Collected data entries
■ ■ ■ ■ ■
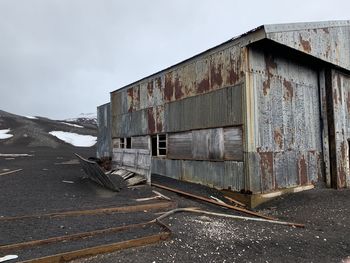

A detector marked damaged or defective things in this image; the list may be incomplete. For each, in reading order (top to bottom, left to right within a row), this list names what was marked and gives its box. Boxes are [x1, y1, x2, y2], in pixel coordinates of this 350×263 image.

rusty roof edge [110, 25, 266, 95]
rusted metal siding [264, 21, 350, 71]
rusted metal siding [165, 85, 242, 133]
rusted metal siding [246, 47, 322, 194]
rusted metal siding [328, 70, 350, 188]
rusted metal siding [152, 159, 245, 192]
broken wooden plank [0, 202, 176, 223]
broken wooden plank [152, 184, 276, 223]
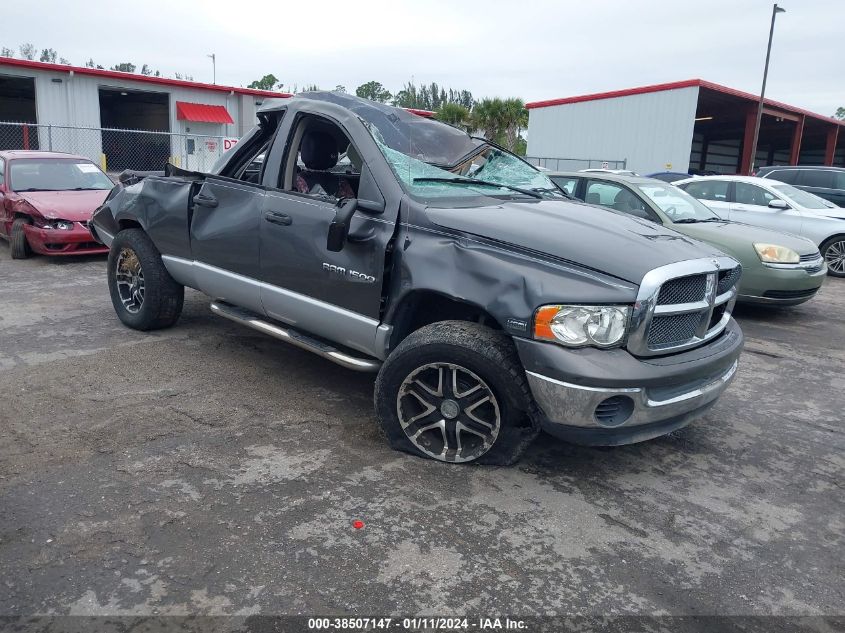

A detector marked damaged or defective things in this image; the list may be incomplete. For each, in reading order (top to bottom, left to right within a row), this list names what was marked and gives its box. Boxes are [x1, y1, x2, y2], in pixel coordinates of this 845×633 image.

damaged red car [0, 152, 113, 258]
crushed hood [16, 190, 109, 222]
damaged gray pickup truck [89, 91, 740, 462]
crushed hood [426, 200, 724, 284]
cracked concrete ground [0, 247, 840, 616]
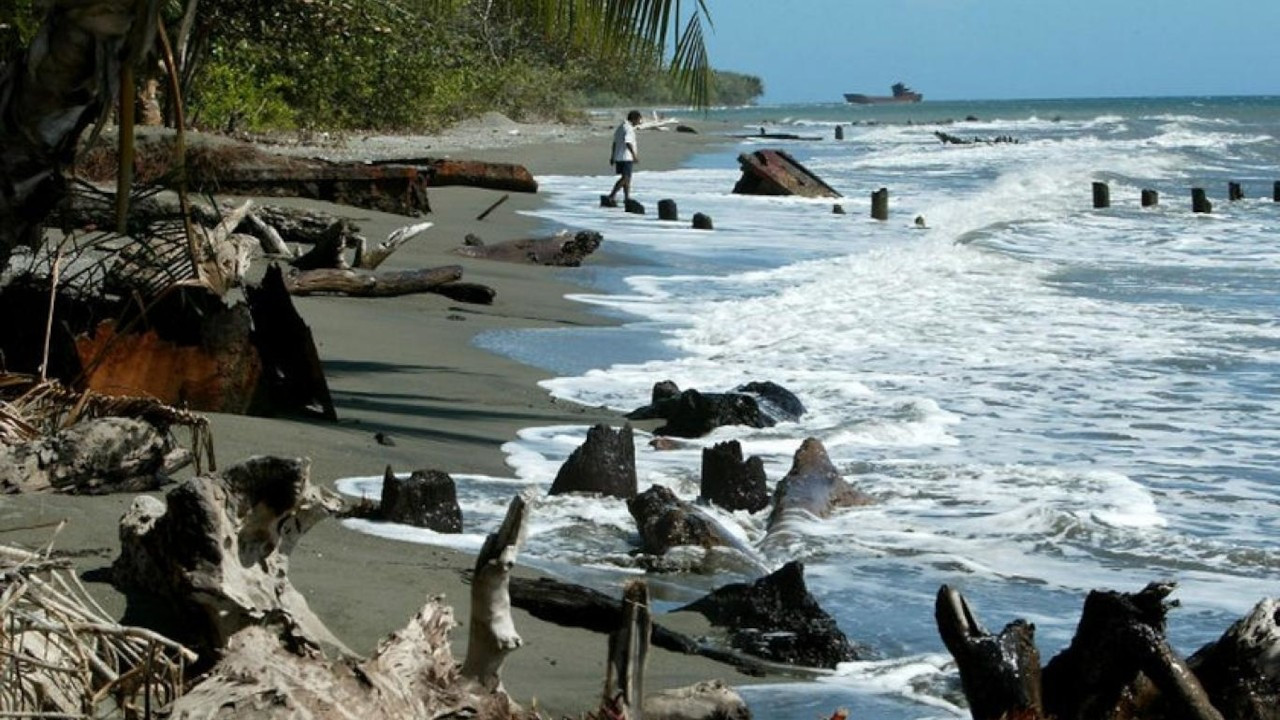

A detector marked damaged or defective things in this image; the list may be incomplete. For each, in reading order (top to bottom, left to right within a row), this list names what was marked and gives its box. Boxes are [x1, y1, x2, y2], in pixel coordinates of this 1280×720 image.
■ ■ ■ ■ ■
• [The task]
Once the pictures are removed, reproduce the remaining entries above exactly.

• [Result for this exercise]
A detector marked damaged or defective things in this image; the list may be incomplete. For each, in reading order (top to bottom, left to right within a row), this list names what was marked and gives its box. Boxes are [x1, y1, x2, y2], in pixel coordinates of this 350×263 image.

rusty roof edge [110, 25, 266, 95]
rusted metal siding [264, 21, 350, 71]
rusted metal siding [165, 85, 242, 133]
rusted metal siding [246, 47, 322, 194]
rusted metal siding [328, 70, 350, 188]
rusted metal siding [152, 159, 245, 192]
broken wooden plank [0, 202, 176, 223]
broken wooden plank [152, 184, 276, 223]

A detector marked damaged or defective things in this image; the list may be incomplete. For each, in reading order (top to bottom, left to right within a row), this list names what was marked and gives its box. Boxes are [x1, y1, x2, y2], in pixel coordinates of this 845×633 image.

damaged red car [0, 152, 113, 258]
crushed hood [16, 190, 109, 222]
damaged gray pickup truck [89, 91, 740, 462]
crushed hood [426, 200, 724, 284]
cracked concrete ground [0, 247, 840, 616]

A detector marked damaged or defective things in this image; the list may be incomplete. For each, in reading order (top to bottom, left to right within a row), this list names what was marked and gives its box. Boxes are [x1, y1, x2, y2], in pixel coordinates of this 1280×720 image.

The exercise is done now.